Requirement: Write out, without any change, the lines in the material below that run from the line with "Aulani Graphic Tee - L" through the line with "PXL 20231102 231637736", both included.

Available data:
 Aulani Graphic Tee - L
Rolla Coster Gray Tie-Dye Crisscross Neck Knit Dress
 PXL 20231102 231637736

--

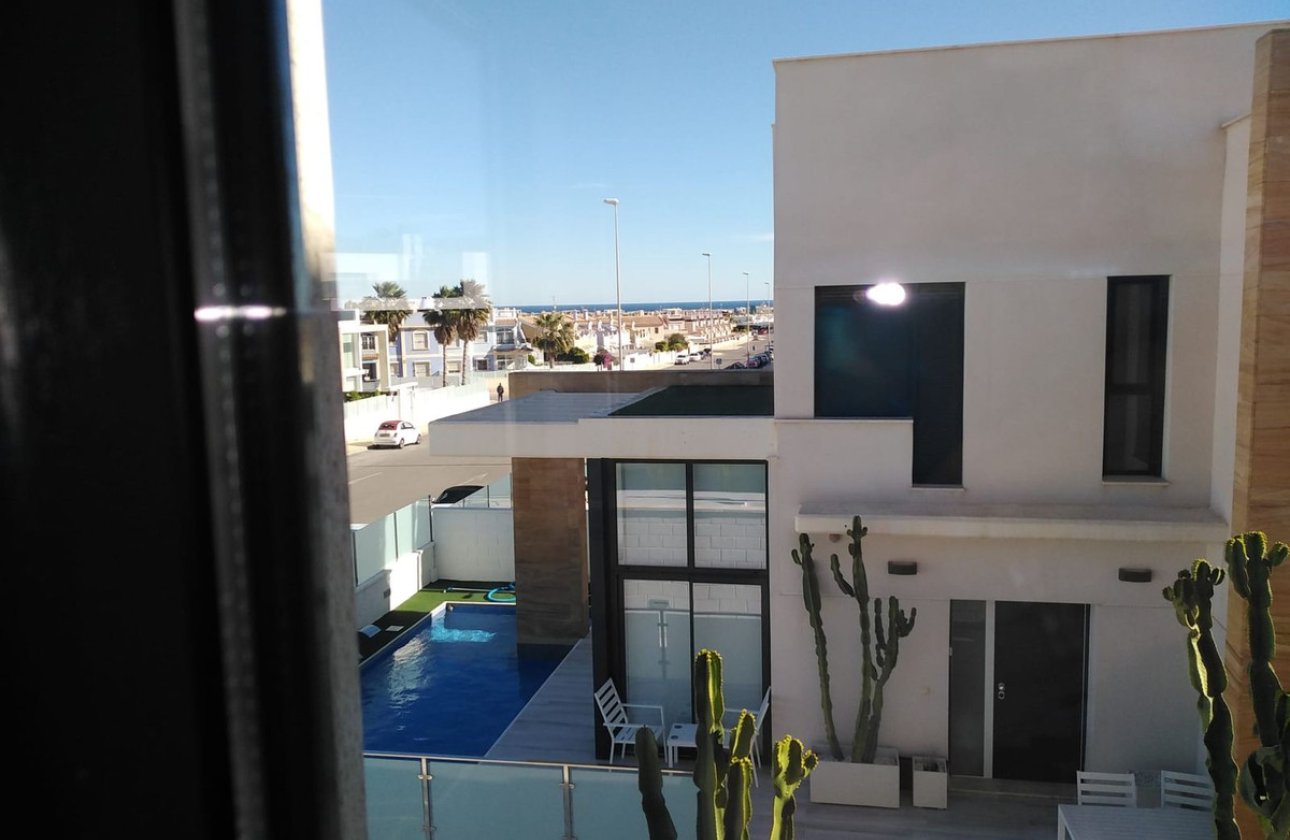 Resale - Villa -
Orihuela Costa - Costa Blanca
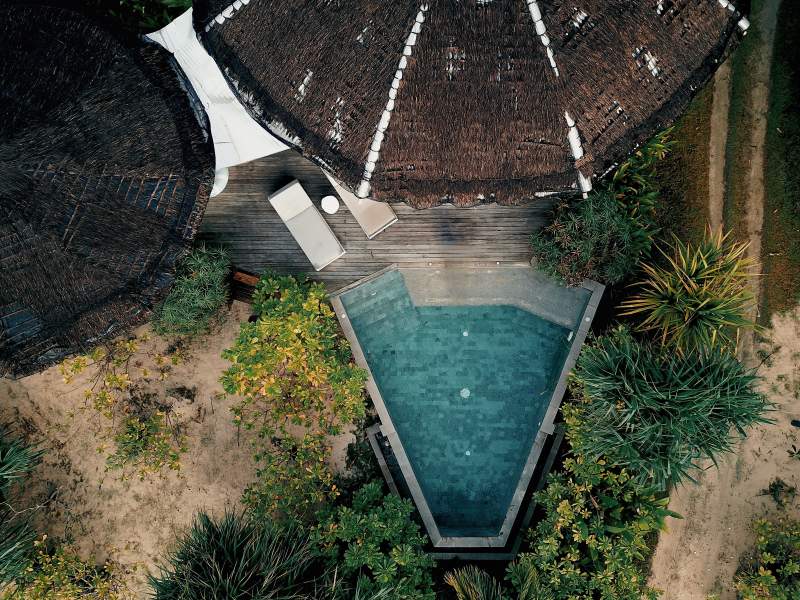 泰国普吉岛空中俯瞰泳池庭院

Answer space:
 Aulani Graphic Tee - L
Rolla Coster Gray Tie-Dye Crisscross Neck Knit Dress
 PXL 20231102 231637736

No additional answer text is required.